Ian Sadler is a Sports podiatrist who has worked extensively with athletes and the British Military. He talks about the biomechanics of achilles tendon pain. Susan Findlay teaches sports massage at the North London School of Sports Massage. She explains how massage can aid in the recovery of achilles tendonitis.
Biomechanics of heel pain
There are nine or ten types of heel pain, with the most common being plantar fasciitis. The plantar fascia runs from the inner heel to the big toe, wrapping around the big toe joint. As the foot lifts up the fascia shortens, maintaining the arch of the foot. Anything which increases the strain on the fascia causes a strain and breaks in the fascia, resulting in the classic symptoms.

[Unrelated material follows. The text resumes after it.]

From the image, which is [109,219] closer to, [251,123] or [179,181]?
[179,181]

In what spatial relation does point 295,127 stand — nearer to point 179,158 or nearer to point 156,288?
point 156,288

However, there are many other causes of heel and arch pain and so plantar fasciitis should not be the only injury considered. There could be a heel spur, nerve injury or even an achilles problem.
Sports massage for plantar fasciitis
Susan explains how sports massage can benefit cases of plantar fasciitis by easing the tension of the fascia in the sole of the foot using friction and stretching techniques.
She also explains how working on other structures within the body can have a positive effect on the condition. Sports massage may be incredibly effective after one session, or it may take several regular sessions to make an impact. Susan advises on treating little and often, allowing at least 3 to 4 days in between treatments.